Construindo Pontes (2017) é um documentário que iniciou como uma proposta, mas acabou indo à outra direção, algo bastante comum no universo do gênero. Ao narrar a trajetória de seu pai enquanto um proeminente engenheiro civil paranaense na época do “milagre brasileiro”, época assim conhecida de período de desenvolvimentismo durante o regime militar no Brasil, Heloisa acaba tomando novos rumos. Em vários momentos, enquanto os dois personagens (o pai, Álvaro Passos, e ela mesma) se colocam diante de uma mesa com mapas para discutir sobre as rodovias que ele projetava naquela época, surgiam questões de maior relevância no relacionamento entre pai e filha que seriam mais imponentes do que a questão entrevistado e realizadora.
É assim que o documentário percorre a sua própria construção, e, assim, acaba revelando as opiniões dos dois sobre diversos temas. Enquanto o pai acreditava fidedignamente que o período militar foi essencial para a construção de um sentimento de nação ao Brasil, a filha já contrapunha seus argumentos dizendo que era inadmissível aceitar que alguma coisa de bom poderia ter vindo daquele momento de tortura e repressão ideológica. Em época de crise política no Brasil, que culminou na saída da ex-presidenta Dilma Rousseff do poder executivo em 2016, quando o longa foi produzido, a situação ia ainda mais longe: o pai chamava de “impeachment” e a filha, “golpe”.
Construindo Pontes expõe com sensibilidade as lacunas do relacionamento entre o pai e a filha.

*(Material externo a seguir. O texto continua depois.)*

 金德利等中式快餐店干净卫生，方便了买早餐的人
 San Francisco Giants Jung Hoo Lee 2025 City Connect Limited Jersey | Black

Em meio a discussões acaloradas sobre os temas, logo se via uma divergência entre o pai e a filha que caracterizava a relação entre os dois. Se, por um lado, todas as discussões tinham um viés ideológico, por outro lado Heloisa vai nos mostrando que o buraco era muito mais embaixo. Enquanto reflete sobre isso na voz em off do documentário, a realizadora revela que muito daquele cenário entre os dois tinha origem longe, quando ela ainda era jovem, e que criou feridas não cicatrizadas, tanto pelo pai quanto pela filha, que acabavam se materializando no misto de silêncio e desavenças.

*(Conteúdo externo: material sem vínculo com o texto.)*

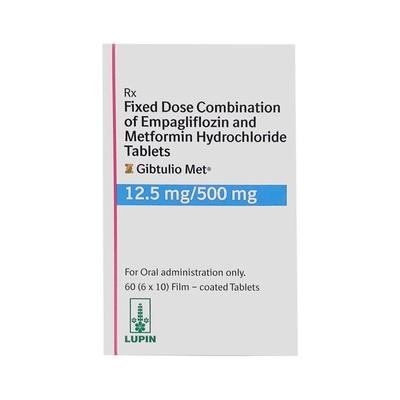 Gibtulio Met 12.5/500mg Tablet 10'S - Diabetes-Ant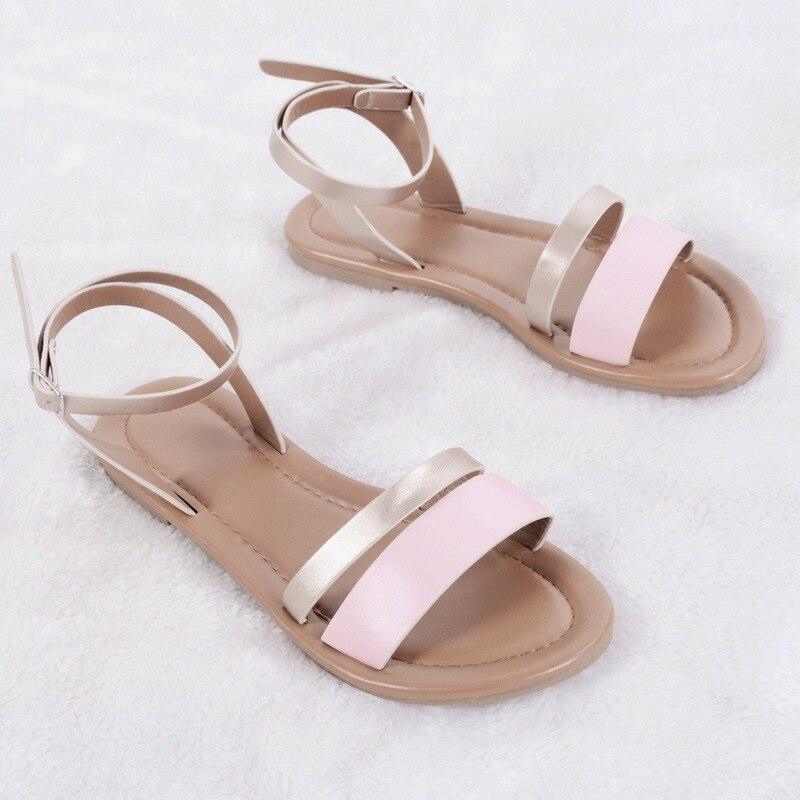 Women's Luxury Leather Party Sandals with Buckle Straps Summer Shoe
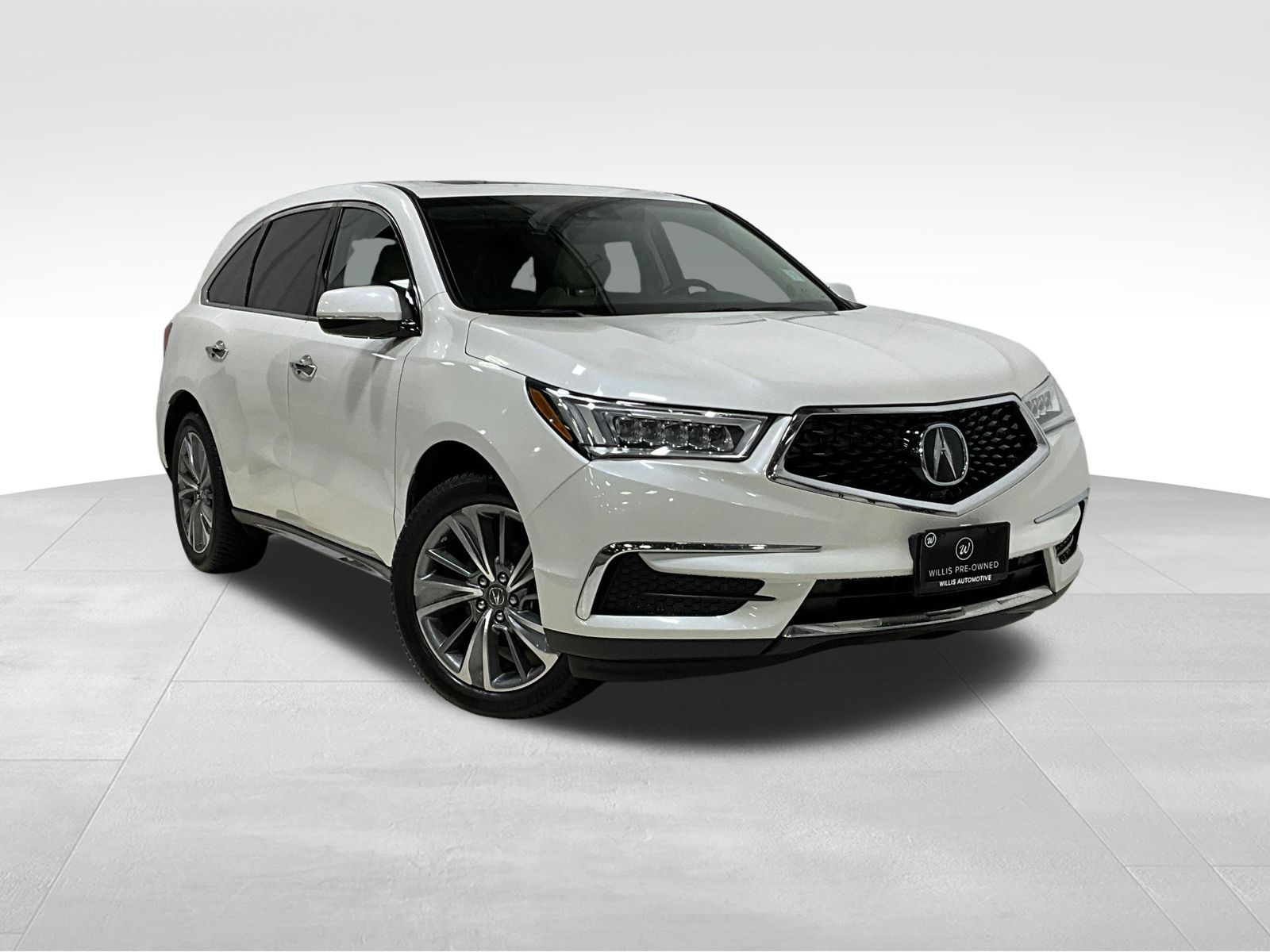 White Diamond Pearl 2017 Acura MDX SH-AWD with Technology Package SUV / Crossover All-Wheel Drive 9-Speed Automatic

Um outro ponto de extrema importância na construção do longa é o uso de simbologias, como a questão da água enquanto potência. Ao usar a referência do Salto de Sete Quedas do rio Paraná, que até o fim da sua existência foi a maior e mais potente cachoeira do mundo para então dar lugar à construção da usina hidrelétrica de Itaipu, Heloisa compara com o relacionamento que tinha com seu pai. Enquanto elemento natural, a água é uma potência naturalmente bastante forte; porém, quando contida, pode deixar submersos mundos que deixam de existir – estes, repletos de emoções, sensibilidade, mágoas.
Desta forma, a (des)sincronia entre o pai e a filha vai ganhando novas matizes e culminam não apenas em um simples embate político das situações que estavam acontecendo naquele momento no país, das opiniões com relação a temas espinhosos como o impeachment ou a legitimidade da Polícia Federal na operação Lava-Jato, mas também numa tentativa de conexão entre pai e filha, que, embora de maneira fraca e torta, os levou a produzir um longa-metragem em busca de uma catarse.
Heloisa demonstra, com uma sensibilidade tremenda, que é possível fazer um documentário de maneira sincera e eloquente, mas sem ao mesmo tempo perder o passo daquilo que é mais importante: a representação da verdade, ali, nua e crua, nas discussões em jantar em família, no silêncio em viagens de carros, em situações tão corriqueiras que podem representar muito. E, assim, levantar muros ou construir pontes.